Kids these days, dont you got studyin' or something to do?  

Nip


----------



## UDBasser (Apr 9, 2004)

haha

Just keeping you in check...making sure you can take what you deal. Mid 70's is already more than I can handle. Can't wait til my foot is on the throttle!

So about these new props....

And where are my three props...I was thinking about taking the 4 blade (26 pitch) in and seeing what can be done with it.

Alright...back to studying. Have to make sure I graduate and start working so I can afford my toys.


----------



## UDBasser (Apr 9, 2004)

i must say i am extremely eager to get into my new stratos next spring

mike - i'll be pushing the 225 opti on the back of my 200xl for everything she's got to keep your 201 in sight. someday i might be able to make that step up to a 201.

see ya on the water!


----------



## mikeshookset (Feb 28, 2005)

well udbasser you will like your stratos and dont worry i wont run to far ahead of ya lol we stratos owners gotta stick together lol i have the first 3 hrs on mine so far and cannt wait to really be able to open it up and run lol but with the type of money i have invested in it i am making sure the break in is done right. i have the 26 pitch prop on it and it seams to be begging to open up it comes right up on plane at 5000 rpms i have throttle and all kinds of trim to go yet this 250xs is rated to run at 6300 rpm from what i have seen so far this boat will have no proublem running 80mph


----------



## shysterorange (Apr 14, 2004)

But if we are in it for speed... why not a Bullet or Allison or even a Norriscraft? A bullet or Allison with a 250xs would surely be faster. Lets not forget Ride,Quality,Durability and fishability.

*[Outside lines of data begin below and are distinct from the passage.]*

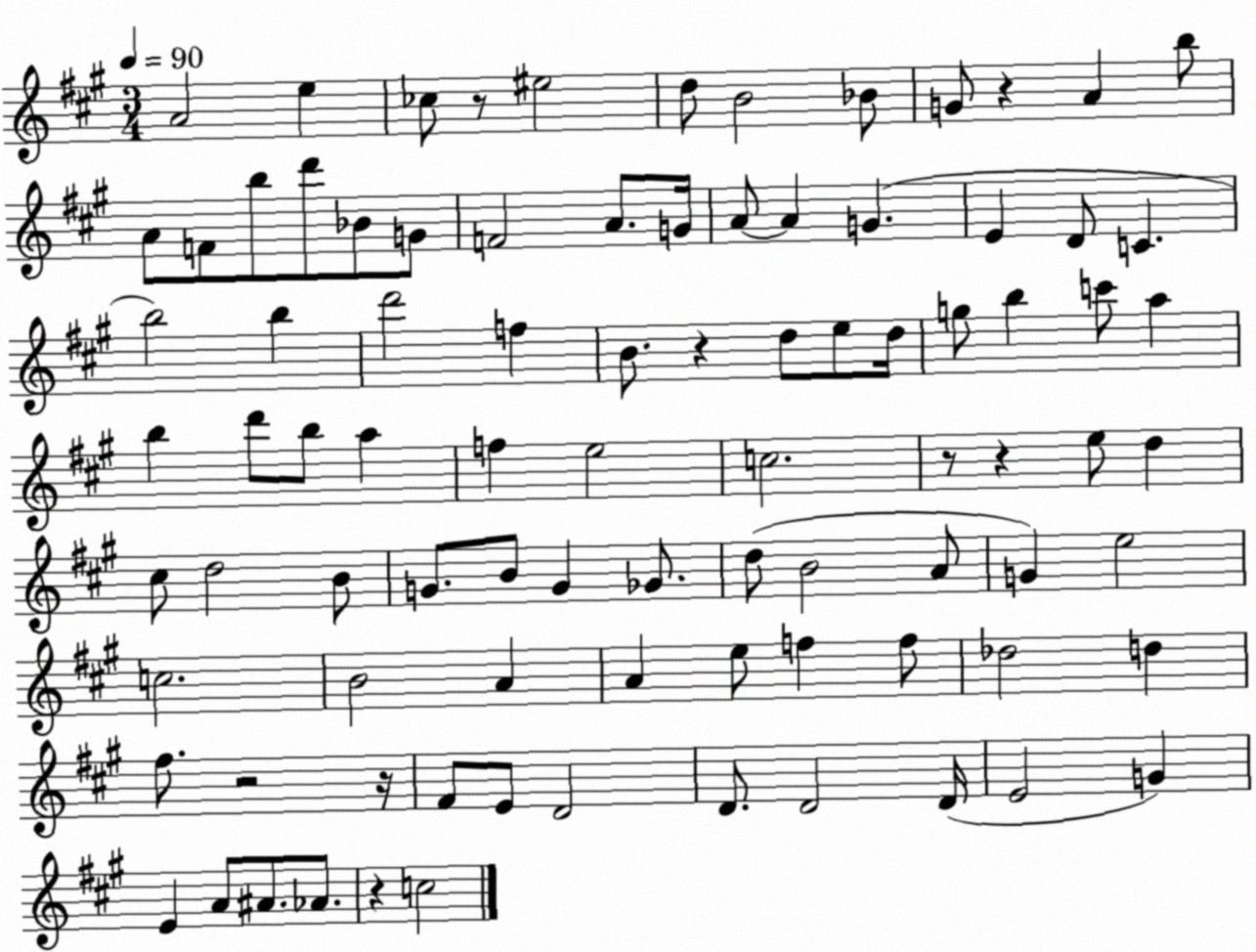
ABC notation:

X:1
T:Untitled
M:3/4
L:1/4
K:A
A2 e _c/2 z/2 ^e2 d/2 B2 _B/2 G/2 z A b/2 A/2 F/2 b/2 d'/2 _B/2 G/2 F2 A/2 G/4 A/2 A G E D/2 C b2 b d'2 f B/2 z d/2 e/2 d/4 g/2 b c'/2 a b d'/2 b/2 a f e2 c2 z/2 z e/2 d ^c/2 d2 B/2 G/2 B/2 G _G/2 d/2 B2 A/2 G e2 c2 B2 A A e/2 f f/2 _d2 d ^f/2 z2 z/4 ^F/2 E/2 D2 D/2 D2 D/4 E2 G E A/2 ^A/2 _A/2 z c2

Enjoy it but dont get caught up in the little things....You have to catch fish...anybody with money can buy a fast boat. Catching fish is another thing.

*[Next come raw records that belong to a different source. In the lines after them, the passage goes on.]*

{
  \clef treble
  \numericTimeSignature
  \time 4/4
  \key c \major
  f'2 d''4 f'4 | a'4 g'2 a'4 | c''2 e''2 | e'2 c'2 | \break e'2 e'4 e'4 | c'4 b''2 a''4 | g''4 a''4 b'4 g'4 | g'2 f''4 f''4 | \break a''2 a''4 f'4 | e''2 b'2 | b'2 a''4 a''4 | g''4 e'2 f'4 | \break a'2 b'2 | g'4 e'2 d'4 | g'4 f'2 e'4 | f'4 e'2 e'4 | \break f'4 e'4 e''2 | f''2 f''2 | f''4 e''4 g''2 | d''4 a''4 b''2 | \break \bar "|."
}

All the speed in the world wont take you to the fish if you are headed in the wrong direction.

Congratulations!
Nothing like a new boat!


----------



## mikeshookset (Feb 28, 2005)

well shysterorange i agree with most every thing you say. speed dont catch fish anyone with money can buy fast boats. there are differant boats for differant people. i looked at ride durabilty quality and fishablity when i bought my stratos and i felt that dollar for dallor it had all of em. thru out my post i havent knocked bulletts allisons they are quality boats for sure . but the proff is in the pudding if mishandled they can be destroyed also a bullet was flipped on west branch last week and even that hull twisted. as far as catching fish i wont say anything i will just let my live wells tell that story lol


----------



## G3HP200 (Mar 6, 2005)

Tell em Austin! They won't go where my boat can go!


----------



## UDBasser (Apr 9, 2004)

who said we're trying to catch fish...i just like to scare my partners and nonboaters!


----------



## mikeshookset (Feb 28, 2005)

hey ud basser when you get done with those partners and nonboaters send em to me i wanna have some fun also lol


----------



## Procraftboats21 (Apr 6, 2004)

no boat will go where a G3 will...gotta love the TIN!


----------



## Jason6644 (Mar 14, 2005)

I'd buy a Ranger! 

Haha, 
Congrats on the New Boat
J


----------



## mikeshookset (Feb 28, 2005)

g3? is that a boat? lmao just kidding


----------



## Rainer Wolf (Apr 11, 2004)

my 18ft fisher jon boat goes 8mph gps!!! Can't wait to soop up my yamaha so it goes 12-15! "whoa nellie!" All i can say is, as a non boater in bass boats, i love it when the driver knows what they're doing. I can bend like a reed in the wind, but i hate to see high-dollar equipment desintegrate(sp?) before my eyes. BANG!BANG!BANG!BANG! waste ten precious minutes and take care of your investment and your precious non boater(esp. when it's me).


----------



## Procraftboats21 (Apr 6, 2004)

Chad, them fightin' words!!


----------



## Nipididdee (Apr 19, 2004)

You mean you can fish outa that Stratos too!???? Thats CRAZY! 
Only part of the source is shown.